Originally posted by OSLO
In general, bacterial spores are extremely resistant to heat, cold, and chemical agents. Bacterial spores are known which can live through 16 to 18 hours in boiling water. To the canner, the bacteria are the most important and troublesome of the microorganisms. Bacteria in themselves are comparatively harmless but the enzymes which they excrete can produce undesirable changes in food, and in some cases can produce substances poisonous to the consumer of the food, such as C. Botulinum.


First, is that an undergrad paper?

Second, what’s the actual occurrence of this organism in real-world brewing circumstances?
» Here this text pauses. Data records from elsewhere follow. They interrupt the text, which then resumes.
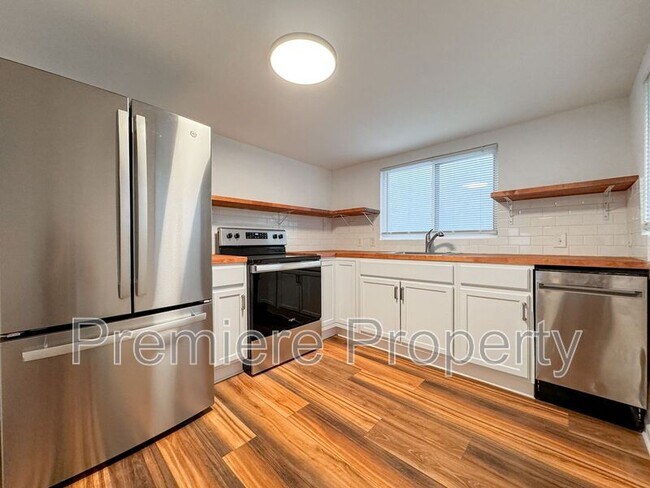 Foto del edificio - 5117 Booth Ave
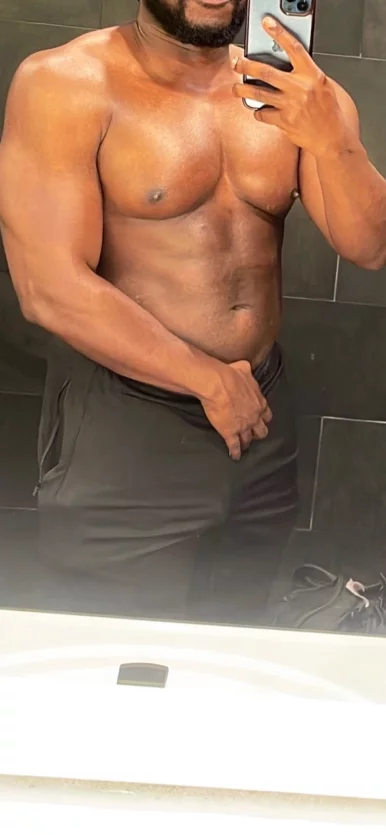 Photo of model @bobbygain2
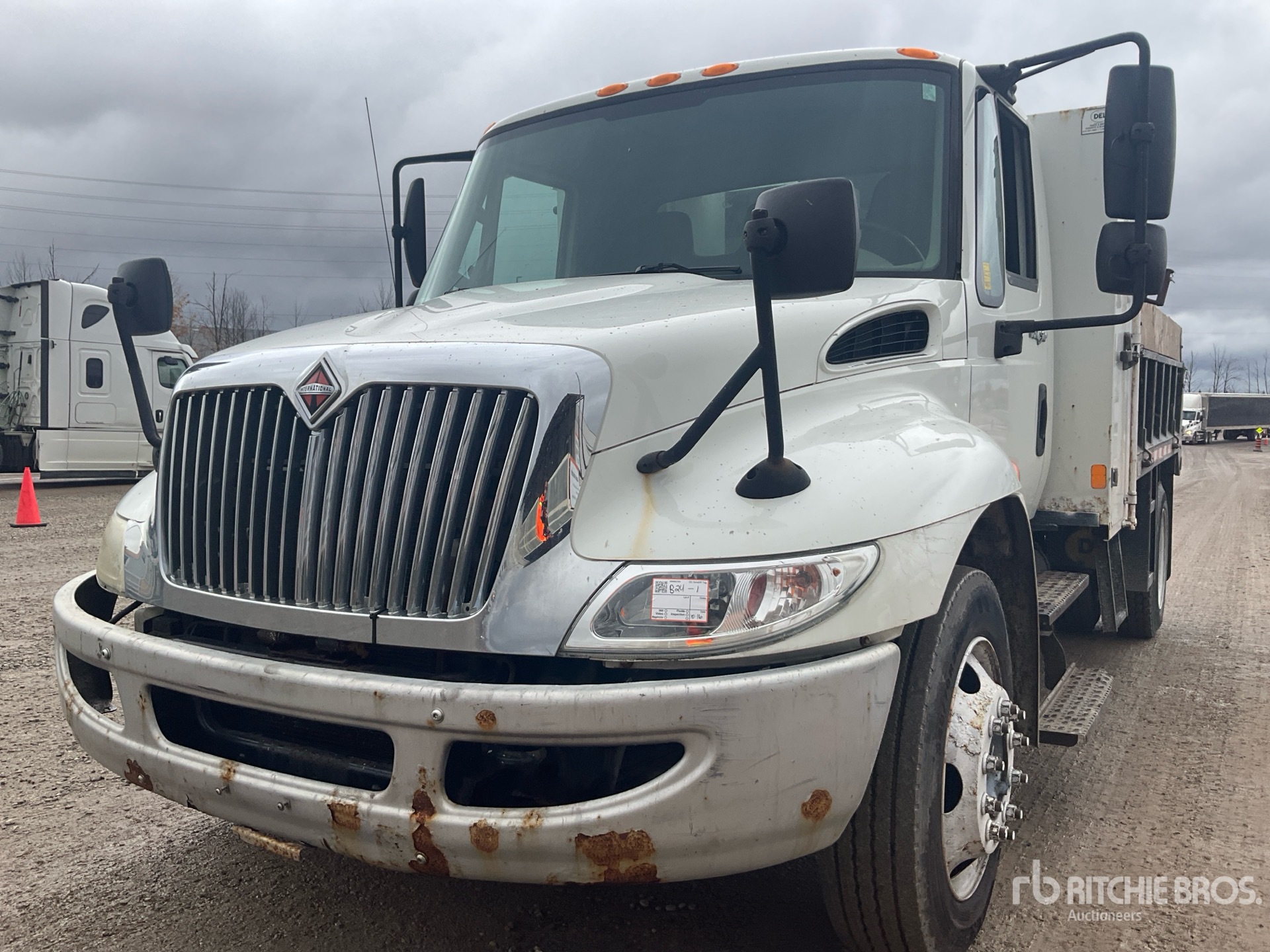2013 International 4300M7 SBA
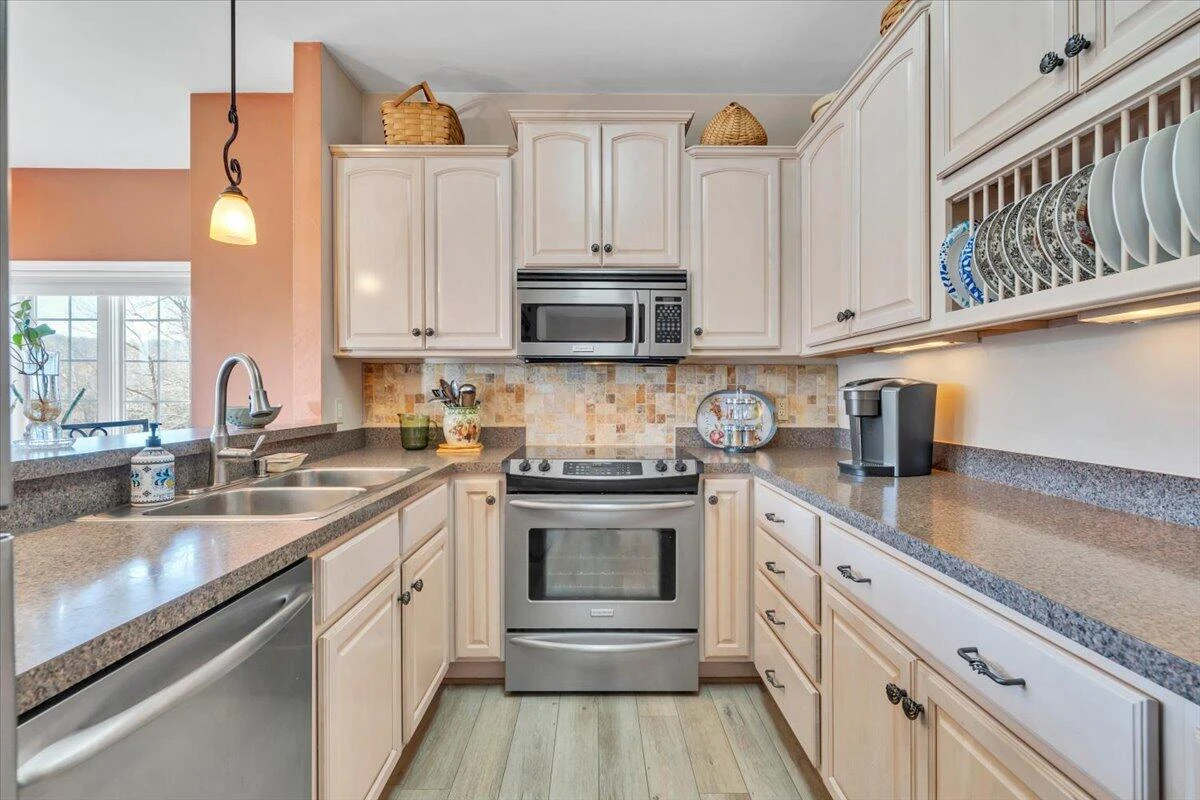 335 Pointe Shore DR #308 - Photo 21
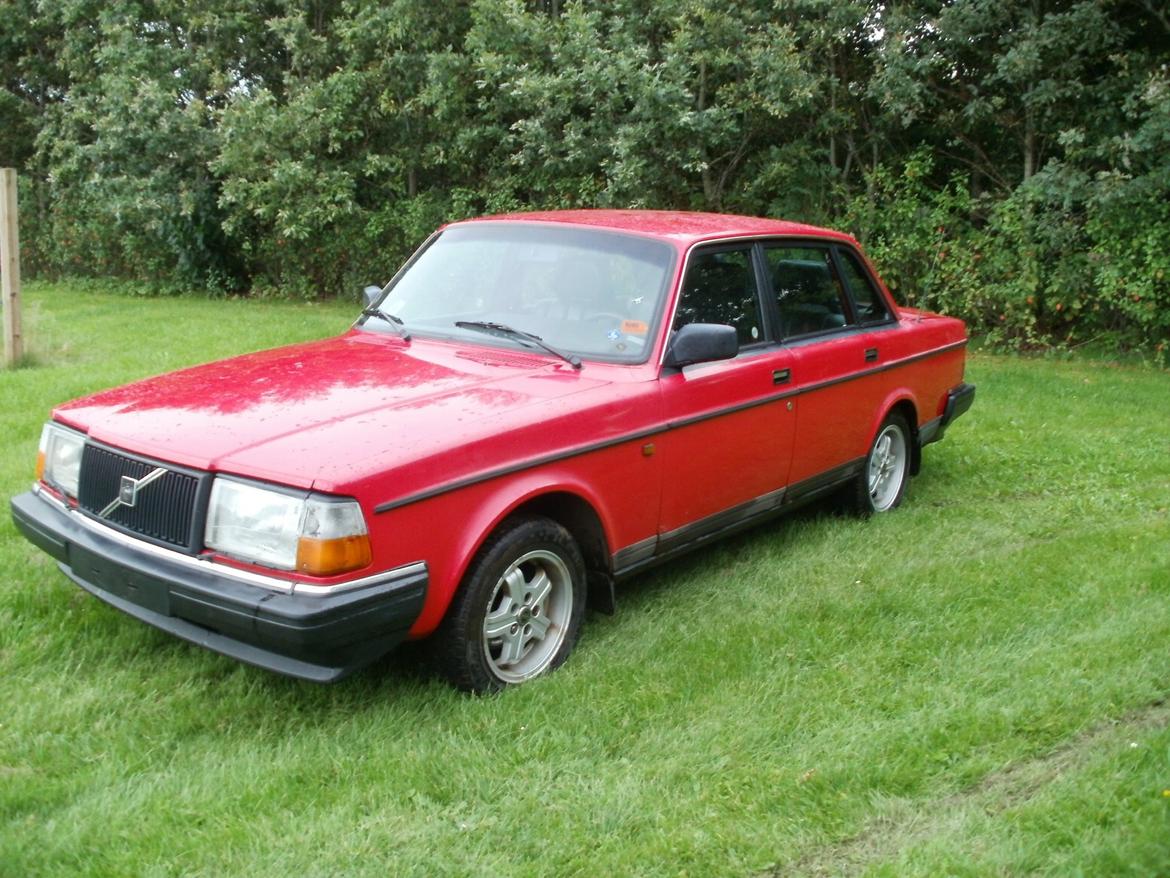 Volvo 240 billede 1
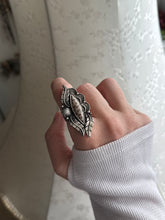 Load image into Gallery viewer, Petrified Florida Palm Sterling Silver Ring Size 8.75
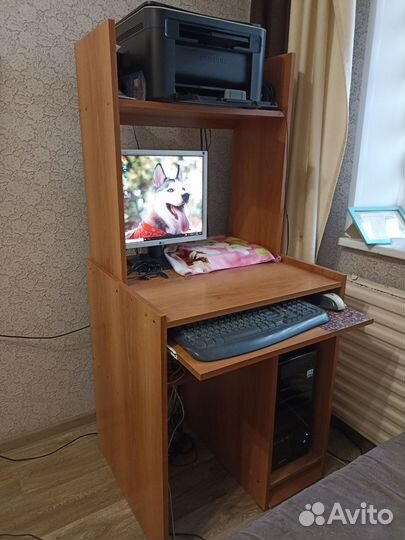 Компьютер, компьютерный стол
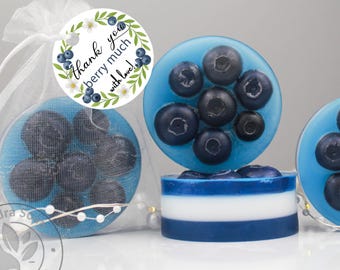 Mydło w kształcie ciasta jagodowego, upominki na baby shower: spersonalizowany prezent dla gości, torebki upominkowe, upominki hurtowo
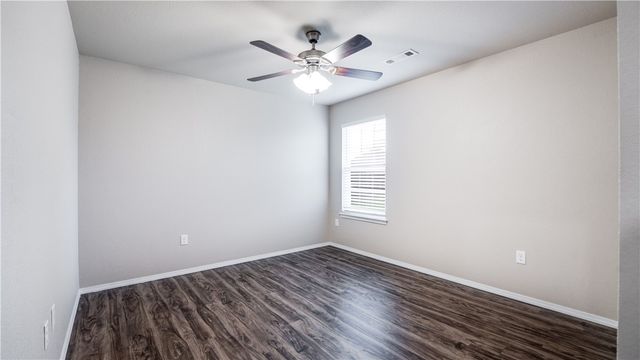 2000 Greenwood Court, Gentry, AR 72734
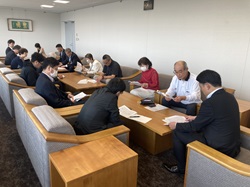 原水爆禁止国民平和大行進岐阜市実行委員会事務局長 井上茂保氏ほかと面談する様子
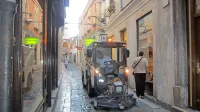V zgodnjem jutru se komunalni delavci odpravijo med mestne 
ulice in jih skrbno očistijo.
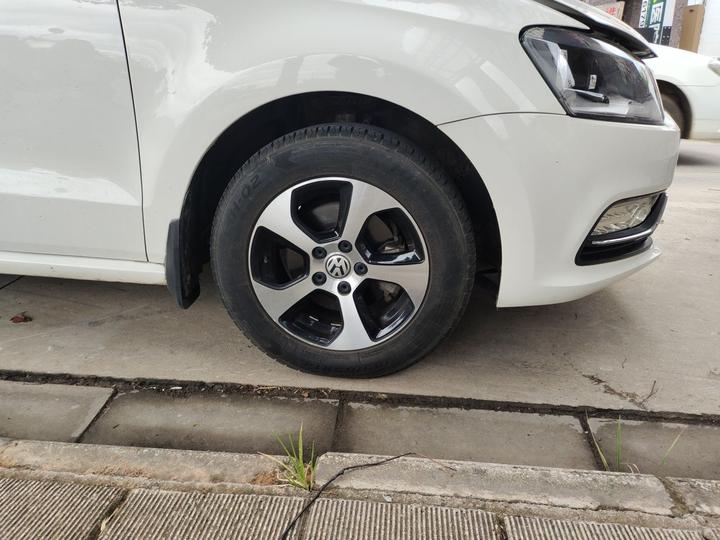Polo 2014 1.4L MT Comfort photo 8
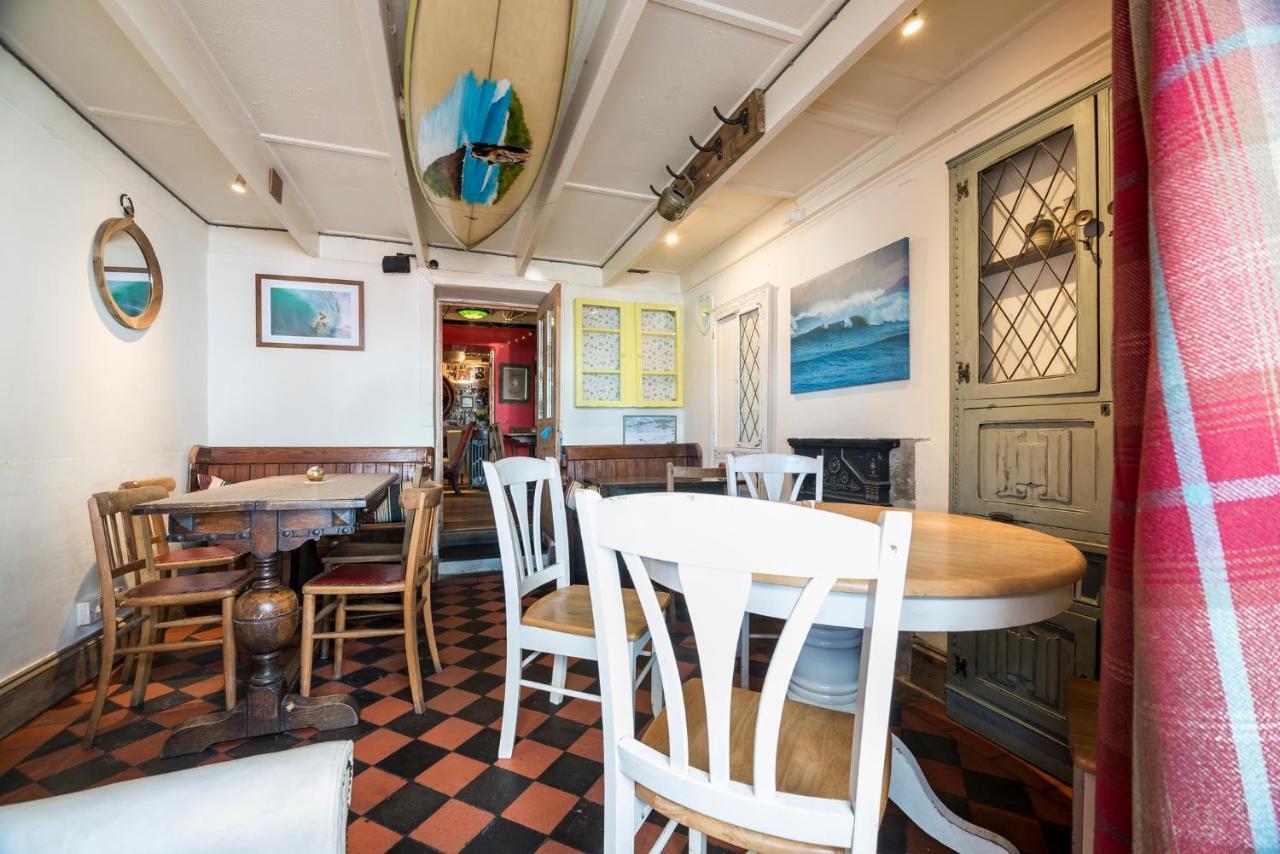 Manorbier Castle Inn Sunset Room 外观 照片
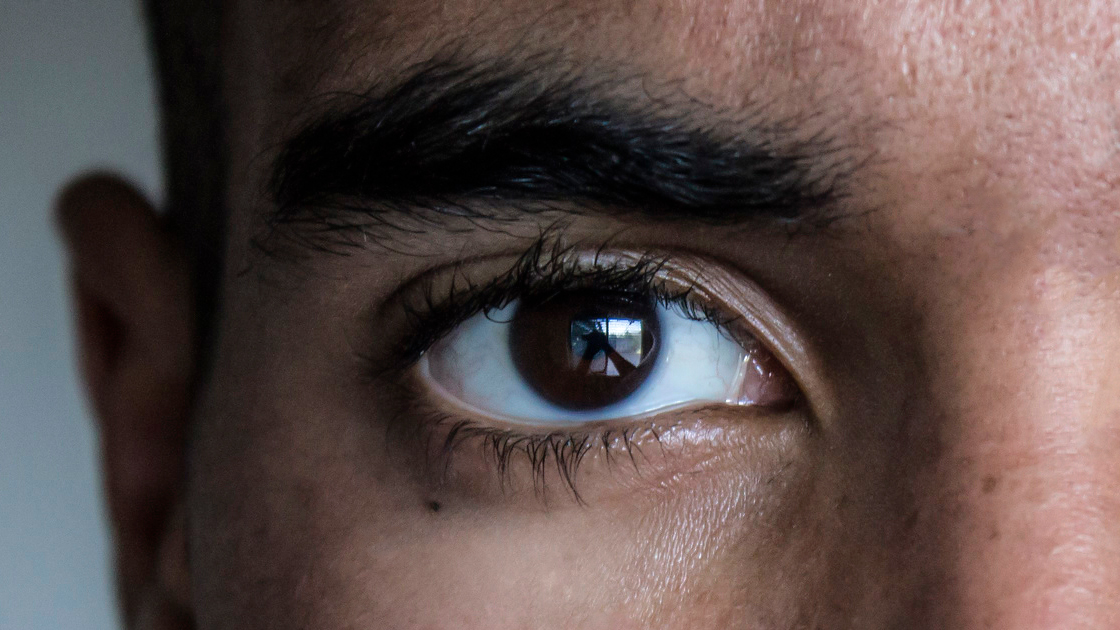 Глаза реально. Черные глаза мужские. Темные глаза мужские. Глаз человека мужской. Люди с чёрными глазами.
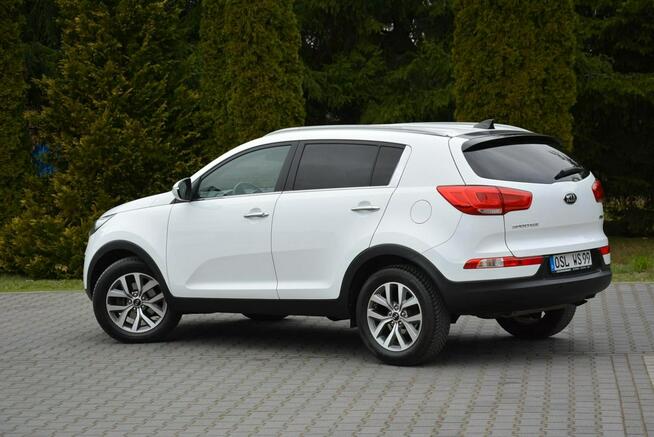 Lift Biała Perła Ledy Duża Navi Skóry Kamera 2xParktr. ASO Kia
There are too many other logistical questions to even ask here.

Third, the original prompting statement was:

"Apparently, poorly stored malt can also be infected by Aspergillus or Penicillium, which also result in gushing of the finished beer."

To which, I queried as to how that’d be possible, after boiling said malt. So you’re drifting pretty far off question here.

 
sthlm
beers 790 º places 147 º 19:27 Sun 1/3/2010

Originally posted by TheBeerSommelier
First, is that an undergrad paper?

Look like lecture notes to me, considering it is broken up by lecture number.


Second, what’s the actual occurrence of this organism in real-world brewing circumstances? There are too many other logistical questions to even ask here.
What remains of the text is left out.